Jaimelinfo.com: la “love money” dans le business model des médias

Le 24 octobre 2010

Développée par l’équipe de Rue89, la nouvelle plateforme Jaimelinfo.com permet aux médias d’information, blogs compris, d’obtenir des dons de leurs “fans” pour soutenir financièrement leurs projets.

Sur Internet, mobile compris, où l’information est surabondante et partagée, synthétisée, enrichie en quelques secondes sur le réseau dès qu’elle a été publiée, dans ce monde où le lecteur est devenu acteur, il est très difficile de vendre du contenu journalistique. Par contre, il est plus facile de demander aux utilisateurs de  vous envoyer de l’argent pour vous soutenir. C’est ce que j’appelle la “love money”. Ce n’est pas un modèle économique en soi, mais une pierre d’”engagement” (terme anglo-saxon pour implication, interaction) dans la relation du média avec l’utilisateur.

C’est le constat du départ du projet “jaimelinfo.com“, une plateforme développée par l’équipe de Rue89, avec l’aide à 60% de l’État (via “l’appel à projets innovants” lancé l’an passé). Dévoilée cet après-midi à la journée de la Presse en ligne, elle permettra à tout média d’information, blogs compris, d’obtenir un soutien financier de ses “fans” pour mener à bien sa mission d’informer. L’utilisateur pourra décider de verser un don au média de son choix, don qui pourra être défiscalisé dans certains cas (si le média produit des contenus d’information générale et politique), et qui pourra être mensualisé.
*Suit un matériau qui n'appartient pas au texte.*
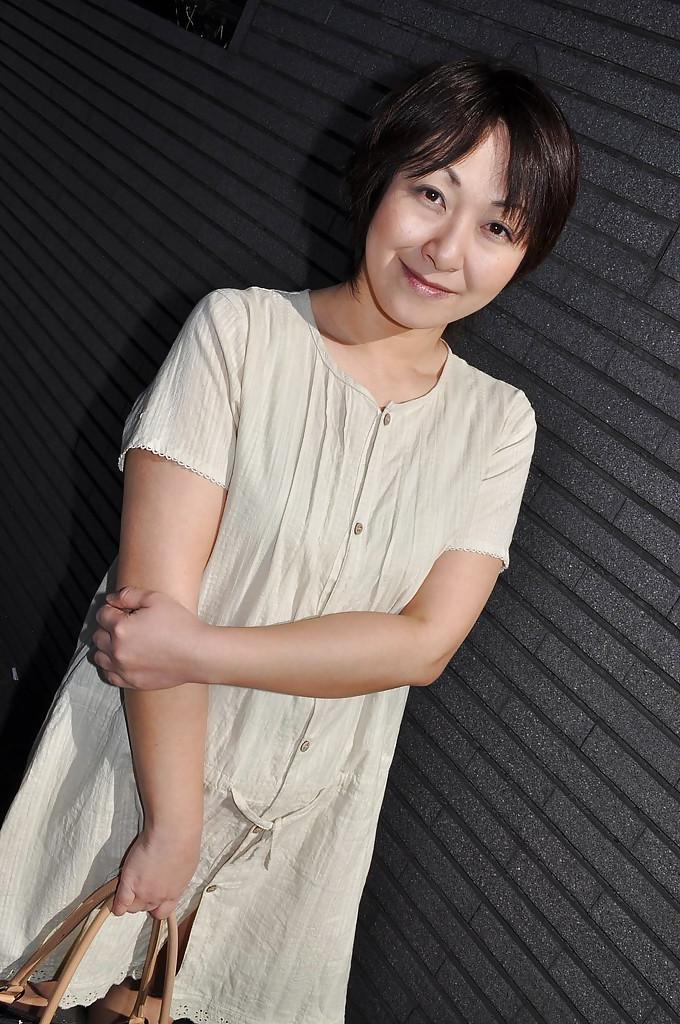 16P Chubby asian MILF Masae Shimatani undressing and playing with herself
Un système proche de Glixpix

Plus intéressant : le média pourra faire financer des projets précis comme un reportage, des frais pour un éventuel procès en diffamation, une nouvelle rubrique ou un projet spécifique. Dans ce cas, une jauge permet de mesurer, pour chaque projet, le niveau de dons déjà versé. Un système assez proche de la plateforme américaine Spot.Us qui permet à des journalistes de demander aux internautes de financer un reportage. Une version française, Glif Pix, est d’ailleurs en actuellement en développement. La différence ici : seuls les médias peuvent postuler (mais un blog individuel peut aussi participer), et l’argent versé ira quand même au média même si la jauge n’a pas pu être remplie. Sur Spot.Us, les utilisateurs ne cherchent pas à soutenir le journalisme, mais plutôt une cause (locale, éthique…). Ici, c’est le média et sa mission que l’on soutient.

L’outil, complexe dans son architecture, mais assez simple d’utilisation, pourra être intégré sur le site du média via un bouton, un bloc d’appel ou une frame (une “fenêtre” dans une page du site). Ou pas. Quoi qu’il en soit, chaque média aura sa propre page sur la plateforme qui lui permettra de présenter sa mission et d’un back-office où il pourra suivre l’état de ses dons.

Jaimelinfo.com propose aussi un outil de tableau de bord au donateur. Ce dernier pourra ainsi piloter ses dons et verser de l’argent à différents médias s’il le souhaite. C’est l’une des innovations les plus intéressantes du projet : se placer du côté du lecteur pour en faire un véritable acteur du business de l’info.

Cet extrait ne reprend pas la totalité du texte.